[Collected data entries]
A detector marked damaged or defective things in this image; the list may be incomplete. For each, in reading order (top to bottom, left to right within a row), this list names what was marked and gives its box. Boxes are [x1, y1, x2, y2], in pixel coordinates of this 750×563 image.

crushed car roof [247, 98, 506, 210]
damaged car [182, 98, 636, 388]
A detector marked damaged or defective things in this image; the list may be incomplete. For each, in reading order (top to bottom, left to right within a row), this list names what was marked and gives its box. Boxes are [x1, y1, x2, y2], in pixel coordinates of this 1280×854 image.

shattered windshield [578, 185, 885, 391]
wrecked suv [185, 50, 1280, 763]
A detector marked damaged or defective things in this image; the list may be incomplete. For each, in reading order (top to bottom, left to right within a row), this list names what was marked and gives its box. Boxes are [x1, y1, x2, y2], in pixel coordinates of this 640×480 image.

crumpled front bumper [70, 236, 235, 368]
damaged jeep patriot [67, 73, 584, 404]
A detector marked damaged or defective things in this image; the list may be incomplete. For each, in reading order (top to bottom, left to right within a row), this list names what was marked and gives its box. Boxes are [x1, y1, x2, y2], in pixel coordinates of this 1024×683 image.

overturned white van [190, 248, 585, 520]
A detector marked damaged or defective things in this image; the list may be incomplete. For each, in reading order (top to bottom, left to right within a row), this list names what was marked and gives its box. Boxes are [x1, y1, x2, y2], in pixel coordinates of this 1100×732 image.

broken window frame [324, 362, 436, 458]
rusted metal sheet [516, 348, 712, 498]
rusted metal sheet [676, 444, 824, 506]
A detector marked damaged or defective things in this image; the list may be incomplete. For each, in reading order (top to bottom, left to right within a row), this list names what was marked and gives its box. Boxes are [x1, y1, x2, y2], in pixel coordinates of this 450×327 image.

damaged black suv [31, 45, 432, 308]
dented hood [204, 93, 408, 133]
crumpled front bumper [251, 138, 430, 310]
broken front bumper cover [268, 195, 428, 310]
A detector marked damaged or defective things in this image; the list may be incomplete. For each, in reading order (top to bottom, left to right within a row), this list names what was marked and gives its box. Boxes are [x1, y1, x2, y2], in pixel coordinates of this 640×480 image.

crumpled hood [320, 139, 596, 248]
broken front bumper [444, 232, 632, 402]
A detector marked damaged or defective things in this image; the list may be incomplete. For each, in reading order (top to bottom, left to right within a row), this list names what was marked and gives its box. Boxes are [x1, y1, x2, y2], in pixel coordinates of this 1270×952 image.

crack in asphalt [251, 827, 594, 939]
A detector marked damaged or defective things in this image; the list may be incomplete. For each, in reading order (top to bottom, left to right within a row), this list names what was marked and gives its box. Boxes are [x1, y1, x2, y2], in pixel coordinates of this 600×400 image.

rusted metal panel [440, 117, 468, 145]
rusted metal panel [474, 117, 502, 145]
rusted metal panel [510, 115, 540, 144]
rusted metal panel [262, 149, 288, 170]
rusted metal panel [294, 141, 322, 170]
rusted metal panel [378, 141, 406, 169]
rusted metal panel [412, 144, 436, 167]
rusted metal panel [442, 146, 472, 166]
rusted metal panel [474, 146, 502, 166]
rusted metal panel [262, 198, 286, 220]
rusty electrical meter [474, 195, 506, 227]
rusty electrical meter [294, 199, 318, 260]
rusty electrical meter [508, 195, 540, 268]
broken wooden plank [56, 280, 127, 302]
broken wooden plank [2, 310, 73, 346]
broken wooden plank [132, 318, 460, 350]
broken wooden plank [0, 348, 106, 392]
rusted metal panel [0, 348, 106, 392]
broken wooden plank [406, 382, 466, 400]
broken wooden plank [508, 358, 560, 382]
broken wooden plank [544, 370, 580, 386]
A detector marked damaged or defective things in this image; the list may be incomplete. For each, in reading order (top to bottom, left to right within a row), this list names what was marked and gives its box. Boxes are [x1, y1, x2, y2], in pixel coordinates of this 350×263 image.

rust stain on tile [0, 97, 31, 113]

**TASK DIRECTIONS:**
Restate every record above, exactly, in full.

**RESPONSE BOX:**
A detector marked damaged or defective things in this image; the list may be incomplete. For each, in reading order (top to bottom, left to right within a row), this list names what was marked and gives its box. Boxes are [x1, y1, x2, y2], in pixel coordinates of this 750×563 image.

crushed car roof [247, 98, 506, 210]
damaged car [182, 98, 636, 388]
A detector marked damaged or defective things in this image; the list may be incomplete. For each, in reading order (top to bottom, left to right within a row), this list names what was marked and gives its box. Boxes are [x1, y1, x2, y2], in pixel coordinates of this 1280×854 image.

shattered windshield [578, 185, 885, 391]
wrecked suv [185, 50, 1280, 763]
A detector marked damaged or defective things in this image; the list may be incomplete. For each, in reading order (top to bottom, left to right within a row), this list names what was marked and gives its box. Boxes are [x1, y1, x2, y2], in pixel coordinates of this 640×480 image.

crumpled front bumper [70, 236, 235, 368]
damaged jeep patriot [67, 73, 584, 404]
A detector marked damaged or defective things in this image; the list may be incomplete. For each, in reading order (top to bottom, left to right within a row), this list names what was marked and gives its box. Boxes are [x1, y1, x2, y2], in pixel coordinates of this 1024×683 image.

overturned white van [190, 248, 585, 520]
A detector marked damaged or defective things in this image; the list may be incomplete. For each, in reading order (top to bottom, left to right within a row), this list names what was marked and gives its box. Boxes are [x1, y1, x2, y2], in pixel coordinates of this 1100×732 image.

broken window frame [324, 362, 436, 458]
rusted metal sheet [516, 348, 712, 498]
rusted metal sheet [676, 444, 824, 506]
A detector marked damaged or defective things in this image; the list may be incomplete. For each, in reading order (top to bottom, left to right within a row), this list names what was marked and gives its box. Boxes are [x1, y1, x2, y2], in pixel coordinates of this 450×327 image.

damaged black suv [31, 45, 432, 308]
dented hood [204, 93, 408, 133]
crumpled front bumper [251, 138, 430, 310]
broken front bumper cover [268, 195, 428, 310]
A detector marked damaged or defective things in this image; the list may be incomplete. For each, in reading order (top to bottom, left to right within a row), this list names what was marked and gives its box. Boxes are [x1, y1, x2, y2], in pixel coordinates of this 640×480 image.

crumpled hood [320, 139, 596, 248]
broken front bumper [444, 232, 632, 402]
A detector marked damaged or defective things in this image; the list may be incomplete. For each, in reading order (top to bottom, left to right within a row), this list names what was marked and gives its box. Boxes are [x1, y1, x2, y2], in pixel coordinates of this 1270×952 image.

crack in asphalt [251, 827, 594, 939]
A detector marked damaged or defective things in this image; the list may be incomplete. For each, in reading order (top to bottom, left to right within a row), this list names what was marked and gives its box. Boxes are [x1, y1, x2, y2], in pixel coordinates of this 600×400 image.

rusted metal panel [440, 117, 468, 145]
rusted metal panel [474, 117, 502, 145]
rusted metal panel [510, 115, 540, 144]
rusted metal panel [262, 149, 288, 170]
rusted metal panel [294, 141, 322, 170]
rusted metal panel [378, 141, 406, 169]
rusted metal panel [412, 144, 436, 167]
rusted metal panel [442, 146, 472, 166]
rusted metal panel [474, 146, 502, 166]
rusted metal panel [262, 198, 286, 220]
rusty electrical meter [474, 195, 506, 227]
rusty electrical meter [294, 199, 318, 260]
rusty electrical meter [508, 195, 540, 268]
broken wooden plank [56, 280, 127, 302]
broken wooden plank [2, 310, 73, 346]
broken wooden plank [132, 318, 460, 350]
broken wooden plank [0, 348, 106, 392]
rusted metal panel [0, 348, 106, 392]
broken wooden plank [406, 382, 466, 400]
broken wooden plank [508, 358, 560, 382]
broken wooden plank [544, 370, 580, 386]
A detector marked damaged or defective things in this image; the list may be incomplete. For each, in reading order (top to bottom, left to right within a row), this list names what was marked and gives its box. Boxes are [x1, y1, x2, y2], in pixel coordinates of this 350×263 image.

rust stain on tile [0, 97, 31, 113]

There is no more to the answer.